Kate Is Clueless: Why So Many Security Exceptions?

Maybe you’ve noticed this:  accessing government websites seems to pop up more security issues than accessing other websites.  I am forever negotiating a maze of “the identity of this site can not be verified” or “are you sure you want to go there?” type messages when I am trying to do anything on a .mil or .gov website.  The wording on the warning and the pages where it pops up will vary depending on the browser you are using and the protection software you are running on your computer.  Bet I am pretty sure you’ve seen something similar.

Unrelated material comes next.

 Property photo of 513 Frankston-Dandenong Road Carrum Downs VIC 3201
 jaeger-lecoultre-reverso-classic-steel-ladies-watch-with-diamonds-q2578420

I’m really confused about why the federal government or the Department of Defense (DoD)  wouldn’t put forth the extra effort to make sure that their websites look secure.  We have to “proceed anyway” or choose that we “understand the risks” in order to accomplish the task that we’re trying to complete, whether it be making a doctor’s appointment, checking a LES, or filing a moving claim.

It seems to me that by having websites that aren’t properly documented or formatted, the DOD and the federal government are encouraging people to get into the habit of being lax with their internet security.  In my mind, if I have to click in through a bunch of warnings to make a doctor’s appointment (this just happened – four pages worth!), then I’m not going to take those warnings very seriously the next time I see then.

It seems to me that training us all to use good internet security measures is in the bests of interest of the federal government and DoD.  Why would they keep a situation that does the exact opposite?

Do you often run into these issues?  What do you think about that situation?


About the Author

Kate Horrell
Kate Horrell is a military financial coach, mom of four teens, and Navy spouse. She has a background in taxes and mortgage banking, and a trove of experience helping other military families with their money. Follow her on twitter @realKateHorrell.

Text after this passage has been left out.